If Taylor fizzles, the Redskins have to bite the bullet and realize they put themselves in this position long before Daniels went down.
By their own doing, they neglected real upgrades to the defensive line. Andre Carter was the only bona fide change the past five years. Demetric Evans and Anthony Montgomery have yet to realize their potential.
Stockpiling big receivers through the draft made sense in its own way, especially with so many mighty mites lining up wide. But wide receivers usually take longer to adjust than bull-rushing linemen, and today there is no time for adjustment.

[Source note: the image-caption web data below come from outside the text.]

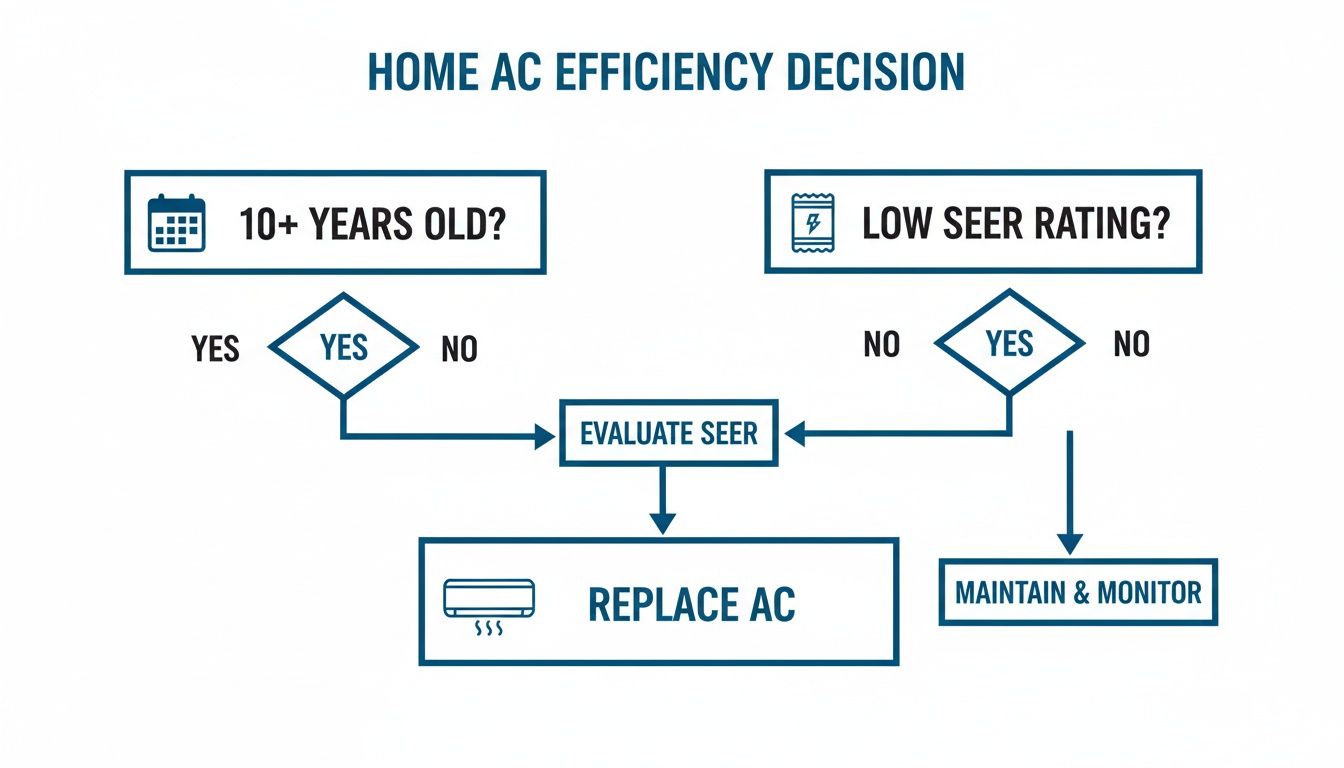 Flowchart guiding decision-making for home AC efficiency based on age and SEER rating.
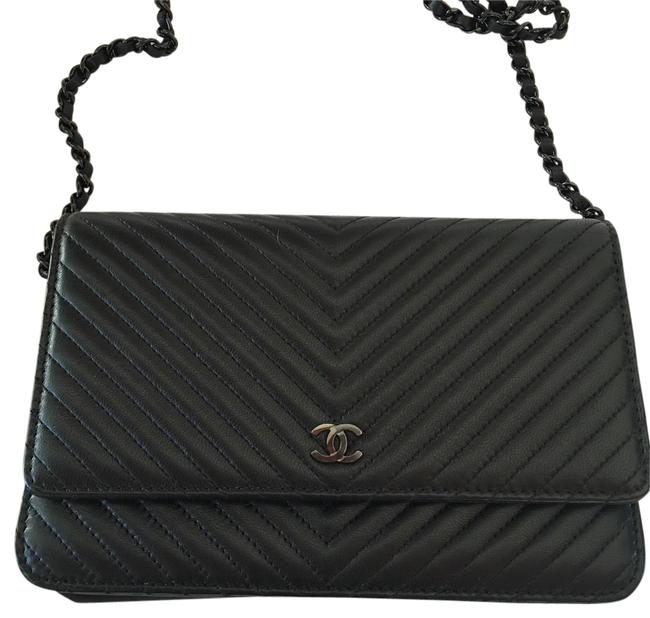 Chanel Chevron Woc So Black Lamb Skin Cross Body Bag 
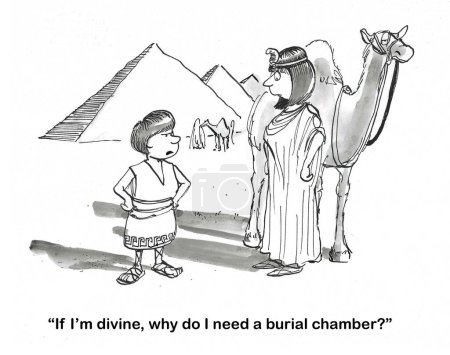 Téléchargez les photos : BW dessin animé d'un enfant qui interroge sa mère sur tout : "Si je suis divin, pourquoi ai-je besoin d'une chambre funéraire?" - en image libre de droit
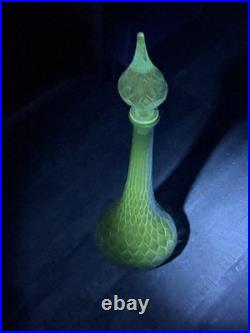 VTG MCM 1960's Italian Empoli Blue Glass Genie Decanter Bottle Diamond Pattern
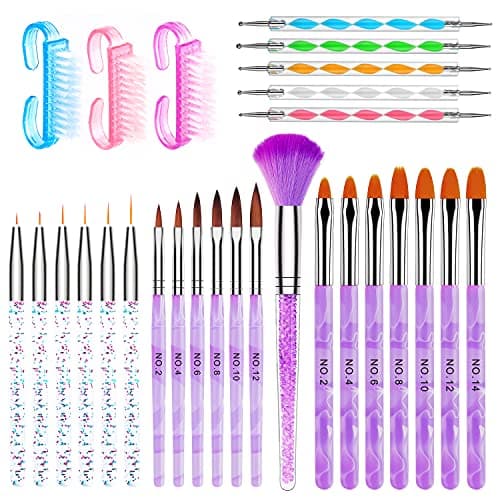 AROIC 28 Pcs Acrylic Nail Brus...t DIY With White Box, colorful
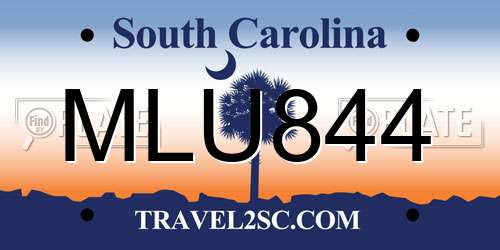 MLU844 South Carolina License Plate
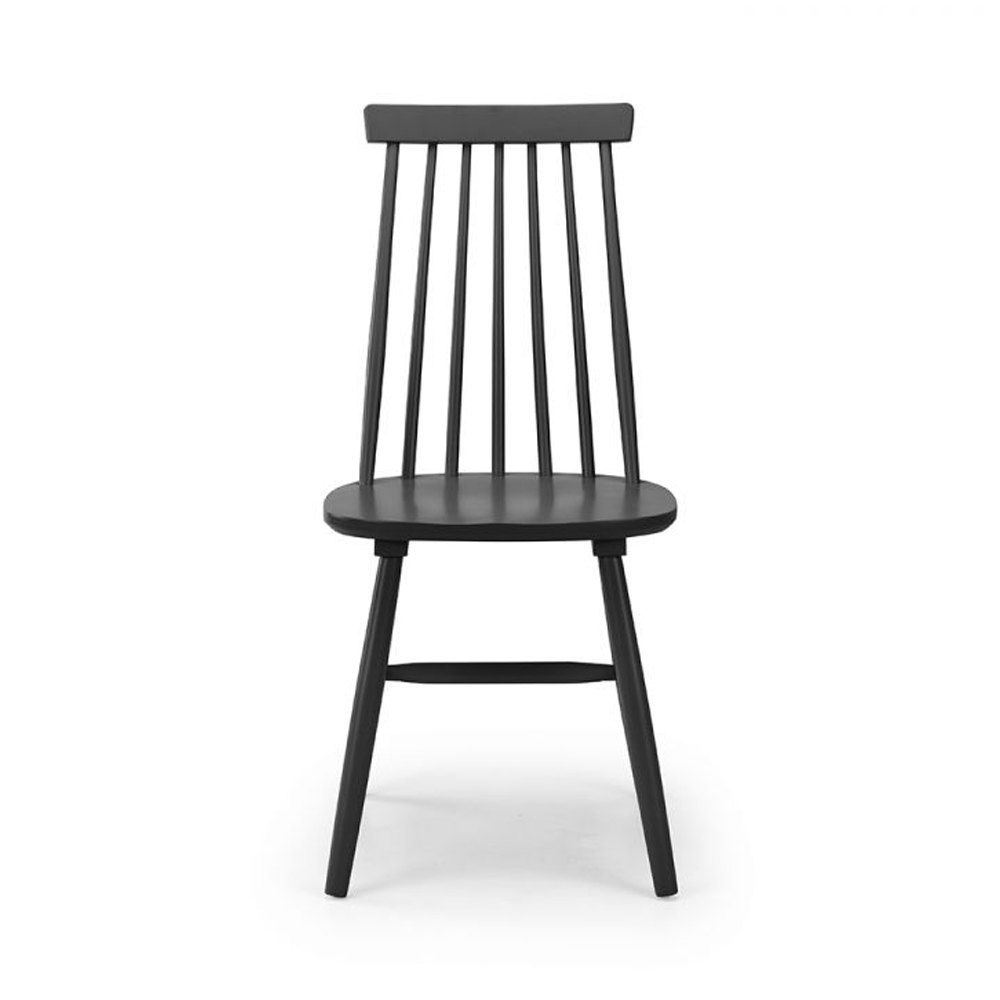 Abeje Black Wooden Dining Chairs With Spindle Back In Black Pair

Daniels was not a premier player anymore, but he filled a real need.
Before Taylor was acquired, Zorn was almost morose about his first day on the job. "I could never imagine that," he said, running his fingers through that shock of brown hair. "I don't think any coach plans for that. I have to sit back in my office and think about what that means."
It means his general manager got on the phone to make this great-expectation job easier, to make Life After Joe a little more tolerable for the coach.

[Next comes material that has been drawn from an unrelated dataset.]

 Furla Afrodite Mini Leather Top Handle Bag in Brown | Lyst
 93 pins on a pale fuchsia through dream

Cerrato's ability to get on the phone with Parcells and pry away the guy who's sacked Tom Brady 9 1/2 times in his career (more than any other quarterback Taylor has sacked) was a testament to improvisation and impulsivity in the old-school Snyder way.
No one asked Cerrato whether this was a return to the free-spending, Fantasy Team days of yore, or whether Taylor was merely the reward for their shrewd, restrained free agent ways earlier in the offseason.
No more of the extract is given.